Bhanot was the father of Neerja, the airhostess who was killed by terrorists who hijacked PanAm Flight 73. (File Photo)
Bhanot was the father of Neerja, the airhostess who was killed by terrorists who hijacked PanAm Flight 73. (File Photo)

Baljeet Parmar, 65, who was Bhanot’s friend, recalled the incident that took place that night. Parmar who was a journalist with Free Press Journal at the time said, “As Dev Varan, a senior journalist with Reuteurs spoke these words, all conversations at the table came to a halt. But there was one man whose head hung low. He looked up and said that his daughter was on that flight and it sent shivers down everyone sitting around him.”
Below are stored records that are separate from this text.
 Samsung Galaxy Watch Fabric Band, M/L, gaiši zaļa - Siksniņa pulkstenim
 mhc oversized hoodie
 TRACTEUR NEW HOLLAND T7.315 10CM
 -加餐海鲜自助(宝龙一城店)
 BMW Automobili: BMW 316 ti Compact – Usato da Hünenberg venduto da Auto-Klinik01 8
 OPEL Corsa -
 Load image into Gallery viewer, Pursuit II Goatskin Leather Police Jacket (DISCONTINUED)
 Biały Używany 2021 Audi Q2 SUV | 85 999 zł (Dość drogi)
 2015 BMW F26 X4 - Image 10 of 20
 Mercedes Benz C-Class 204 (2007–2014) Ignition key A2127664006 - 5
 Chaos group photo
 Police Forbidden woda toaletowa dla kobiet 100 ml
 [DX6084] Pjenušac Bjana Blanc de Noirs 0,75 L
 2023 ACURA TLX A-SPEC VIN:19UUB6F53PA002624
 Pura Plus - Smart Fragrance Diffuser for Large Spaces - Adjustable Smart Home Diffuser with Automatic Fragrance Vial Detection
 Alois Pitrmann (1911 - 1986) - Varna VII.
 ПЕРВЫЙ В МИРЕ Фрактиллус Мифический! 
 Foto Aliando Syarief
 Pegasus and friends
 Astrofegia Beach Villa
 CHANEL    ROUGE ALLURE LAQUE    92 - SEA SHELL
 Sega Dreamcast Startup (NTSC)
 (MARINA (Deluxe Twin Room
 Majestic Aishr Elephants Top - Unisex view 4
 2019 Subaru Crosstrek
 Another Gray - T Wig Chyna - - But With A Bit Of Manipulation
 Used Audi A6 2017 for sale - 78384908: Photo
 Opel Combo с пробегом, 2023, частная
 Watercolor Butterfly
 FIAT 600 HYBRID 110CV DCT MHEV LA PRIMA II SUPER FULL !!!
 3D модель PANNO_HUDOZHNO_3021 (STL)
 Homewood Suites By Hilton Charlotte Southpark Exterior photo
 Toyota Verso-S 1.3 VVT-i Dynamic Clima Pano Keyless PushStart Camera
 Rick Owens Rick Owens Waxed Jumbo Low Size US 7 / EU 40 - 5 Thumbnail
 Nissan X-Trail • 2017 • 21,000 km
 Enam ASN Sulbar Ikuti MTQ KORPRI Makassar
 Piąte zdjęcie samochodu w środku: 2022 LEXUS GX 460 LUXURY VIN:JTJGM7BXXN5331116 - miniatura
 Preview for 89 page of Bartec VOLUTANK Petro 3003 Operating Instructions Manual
Bhanot was the father of Neerja, the airhostess who was killed by terrorists who hijacked PanAm Flight 73. The 22-year-old was the first woman recipient of the highest civilian honour, the Ashoka Chakra, posthumously and was also the youngest Indian to be bestowed with the honour, for saving passengers on board.

For the next two nights and three days, Bhanot along with several other journalists stationed themselves at Mumbai airport. “The coffin was claimed at Karachi by Bhanot’s sons Aneesh and Akhil and when they reached Mumbai airport, I took over the bullet-ridden body as the parents were distraught. Neerja’s body was first taken to the Bhanot residence at Bandra before cremating her at Sion where I performed the last rights,” said Parmar.

Sujata Anandan, 55, now Hindustan Times’s political bureau chief, was then a reporter with United News India (UNI). “When he (Bhanot) saw the coffin, he was so distressed that he fell to his knees. He quickly gathered himself and stood up saying that she gave the passengers a second life by sacrificing her own. She was the most important part of my life and I will live a proud father.”

According to Parmar, every day Bhanot would take a local train after work to Bandra where Neerja would wait before driving him home. “Bhanot was a man with a large heart and for him his daughter was his life. After Neerja’s death, he did not take the train anymore and soon after he left Mumbai,” he said.